Updated: May 2
This coin is a 1st year Fijian 6 Pence (Elizabeth II), dated 1953. The Fijian Six Pence represented the 3rd largest denomination coin, of the Fijian Pound. The Fijian pound was a non-decimal currency, which included coins in ½ Pence, 1 Pence, 3 Pence, 6 Pence, 1 Shilling, and 1 Florin denominations. One Six Pence was equal to 1/4th Florin or 1/40th Fijian Pound.
The Elizabeth II Six Pence was the first Fijian coin bearing Queen Elizabeth's portrait. Entering circulation in 1953 and was last issued in 1967. Making it one of the last pre-decimal coins issued in Fiji. Until the decimalized Fijian Dollar was adopted in 15 January 1969. The exchange rate was set at 10 Shillings (120 Pence) = 1 Fijian Dollar.

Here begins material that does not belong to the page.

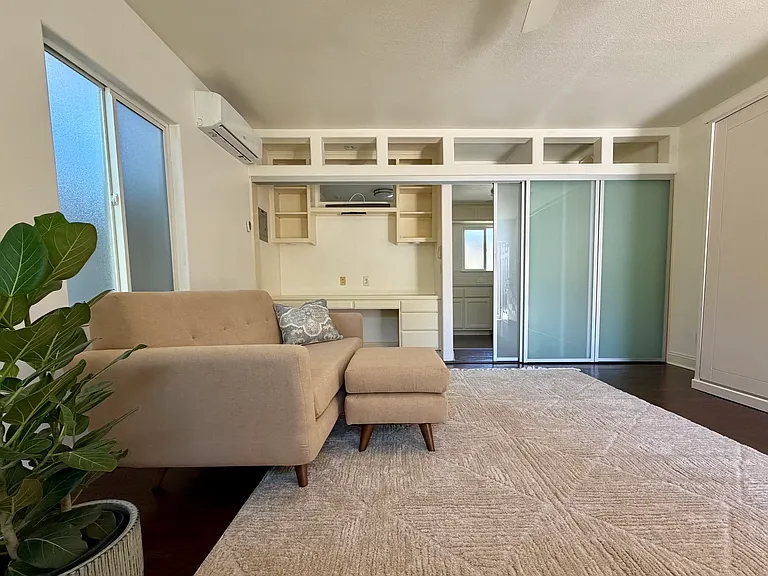 View looking toward built in office
with glass sliding wall.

Overall, the coin is a reeded-edged design made of nickel-copper alloy and weighs 2.8 g. Its dimensions are 19.5 mm (0.77 in) wide and 1.1 mm (0.043 in) thick. Making it roughly similar to a US Penny (19.05 mm/0.75 in), in size. Like the majority of British Imperial coinage. This coin was mint by the Royal Mint, London. (This coin will be reviewed reverse first)
The reverse prominently features a diving hawksbill sea turtle, a widespread yet endangered species. This iconic image was designed by British sculptor Percy Metcalfe (1895-1970). It's unique to the Fijian Six Pence, spanning across all versions of the denomination. Which includes the first Six Pence issued under the reign of King George V (1934). To the finally version issued under Queen Elizabeth, in 1967.
The design follows a relatively simple format. A split issue date, seen here as 19 (left) 53 (right). Followed by a over-under issuer (FIJI) and value (SIXPENCE) format. Like many Fijian coins such as the Florin and Shilling. The reverse features squared-toothed ridges, along the the inner rim. Providing aid to gripping the small coin.
The observe features the 1st Portrait of Elizabeth II. The portrait features a right-side profile, complete with the state crown. The portrait is wreathed by the text, “QUEEN ELIZABETH THE SECOND”. Just as the previously mentioned Florin and Shilling, the observe inner rim is beaded. This feature was common for Fijian coins of the period.
Notably the style of the observe text differs from the previous George VI Six Pence (1942-1943). Which featured split text, that read “George VI King Emperor”. With the title "King Emperor" separated from the royal name (left-side). Which although subtle has significant historical importance.
As King George VI was also Emperor of British India. Which gained independence from the British Empire in 1947. First as British dominion, then as an independent nation in 1950. All which preceded Elizabeth The Second's ascension in 1952.
Pre-Decimal Fijian Pound Guide
10 Florin=1 Fijian Pound
20 Shilling=1 Fijian Pound
240 Pence=1 Fijian Pound
40 Pence=1 Fijian Pound
20 Pence=1 Fijian Shilling
In 1970, Fiji transitioned a British colony to a self-governing commonwealth lead by a Governor-General.
In 1987, Fiji transitioned to a republic after establishing the Office of the Fijian Presidency.
English sculptor and medalist Cecil Walter Thomas (1885-1976) was renown for his work in church displays and private funerary memorials.
The memorial tomb of Bishop Edward Stuart Talbot, is widely regarded to be Cecil Walter Thomas' greatest work.
Excluding artistic refinements, Cecil Thomas' work on coins was primarily limited to the Florin and Sixpence.
Cecil Thomas declined the Royal Mints' commission to design Britain’s post-decimal coinage.
English artist Percy Metcalfe (1895-1970) was best known for designing the "Barnyard Collection" coin series, for the Irish Free State.
Percy Metcalfe designed the infamous 1936 Fijian Penny (King Edward VIII). This is the only brief exception of the George Kruger Gray designed Fijian Penny run (1934-1936/1936-1945).